BEGIN The data

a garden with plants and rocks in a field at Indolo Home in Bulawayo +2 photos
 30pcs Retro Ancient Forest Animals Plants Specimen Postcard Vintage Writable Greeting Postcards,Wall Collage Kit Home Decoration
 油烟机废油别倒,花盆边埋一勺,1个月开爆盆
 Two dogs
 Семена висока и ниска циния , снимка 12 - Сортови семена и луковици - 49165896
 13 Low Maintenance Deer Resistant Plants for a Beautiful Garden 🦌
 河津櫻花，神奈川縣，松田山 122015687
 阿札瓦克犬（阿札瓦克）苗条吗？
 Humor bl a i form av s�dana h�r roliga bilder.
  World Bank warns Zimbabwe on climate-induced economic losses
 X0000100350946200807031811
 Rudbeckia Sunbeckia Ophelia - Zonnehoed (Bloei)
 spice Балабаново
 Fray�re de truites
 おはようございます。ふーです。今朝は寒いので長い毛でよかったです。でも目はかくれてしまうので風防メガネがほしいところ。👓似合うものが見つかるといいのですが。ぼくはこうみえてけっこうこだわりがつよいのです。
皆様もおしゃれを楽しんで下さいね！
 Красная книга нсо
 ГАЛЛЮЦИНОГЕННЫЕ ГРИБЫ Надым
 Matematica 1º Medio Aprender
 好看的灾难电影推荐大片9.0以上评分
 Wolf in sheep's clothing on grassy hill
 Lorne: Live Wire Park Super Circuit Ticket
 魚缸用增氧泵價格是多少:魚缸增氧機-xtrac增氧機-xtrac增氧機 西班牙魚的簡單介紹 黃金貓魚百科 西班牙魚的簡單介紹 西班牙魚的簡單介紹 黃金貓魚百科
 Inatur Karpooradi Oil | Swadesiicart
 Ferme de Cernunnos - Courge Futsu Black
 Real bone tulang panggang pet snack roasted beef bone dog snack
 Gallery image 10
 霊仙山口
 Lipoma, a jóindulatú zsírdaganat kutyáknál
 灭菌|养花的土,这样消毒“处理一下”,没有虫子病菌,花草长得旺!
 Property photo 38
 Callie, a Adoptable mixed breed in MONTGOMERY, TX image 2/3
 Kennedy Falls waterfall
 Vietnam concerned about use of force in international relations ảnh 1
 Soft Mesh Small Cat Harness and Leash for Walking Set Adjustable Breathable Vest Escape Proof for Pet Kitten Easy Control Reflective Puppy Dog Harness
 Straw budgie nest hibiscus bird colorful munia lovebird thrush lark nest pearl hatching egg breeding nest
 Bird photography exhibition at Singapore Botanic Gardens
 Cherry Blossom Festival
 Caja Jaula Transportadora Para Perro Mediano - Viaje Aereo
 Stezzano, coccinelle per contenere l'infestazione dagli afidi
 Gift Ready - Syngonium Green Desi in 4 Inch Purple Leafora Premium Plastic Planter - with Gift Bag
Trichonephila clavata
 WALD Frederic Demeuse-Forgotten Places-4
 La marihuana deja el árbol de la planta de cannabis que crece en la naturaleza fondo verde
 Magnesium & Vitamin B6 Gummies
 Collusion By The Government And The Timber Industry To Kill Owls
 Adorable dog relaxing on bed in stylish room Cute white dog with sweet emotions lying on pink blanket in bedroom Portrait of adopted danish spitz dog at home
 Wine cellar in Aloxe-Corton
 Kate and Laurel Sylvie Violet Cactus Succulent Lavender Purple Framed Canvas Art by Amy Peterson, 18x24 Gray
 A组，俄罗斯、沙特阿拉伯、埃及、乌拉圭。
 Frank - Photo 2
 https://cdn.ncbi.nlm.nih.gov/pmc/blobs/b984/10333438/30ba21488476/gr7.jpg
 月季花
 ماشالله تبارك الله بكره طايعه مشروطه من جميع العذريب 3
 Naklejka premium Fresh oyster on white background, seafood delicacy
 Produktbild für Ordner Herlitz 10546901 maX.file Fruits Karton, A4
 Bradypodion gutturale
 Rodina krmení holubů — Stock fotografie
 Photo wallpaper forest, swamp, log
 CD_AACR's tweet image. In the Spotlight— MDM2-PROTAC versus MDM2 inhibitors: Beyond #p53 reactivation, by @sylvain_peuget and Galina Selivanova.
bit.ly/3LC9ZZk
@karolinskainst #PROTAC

END The data

> **Activity**
Could you write out exactly the lines above, starting at the first one and ending with the line that has "Humor bl a i"?

> **Written solution**
a garden with plants and rocks in a field at Indolo Home in Bulawayo +2 photos
 30pcs Retro Ancient Forest Animals Plants Specimen Postcard Vintage Writable Greeting Postcards,Wall Collage Kit Home Decoration
 油烟机废油别倒,花盆边埋一勺,1个月开爆盆
 Two dogs
 Семена висока и ниска циния , снимка 12 - Сортови семена и луковици - 49165896
 13 Low Maintenance Deer Resistant Plants for a Beautiful Garden 🦌
 河津櫻花，神奈川縣，松田山 122015687
 阿札瓦克犬（阿札瓦克）苗条吗？
 Humor bl a i form av s�dana h�r roliga bilder.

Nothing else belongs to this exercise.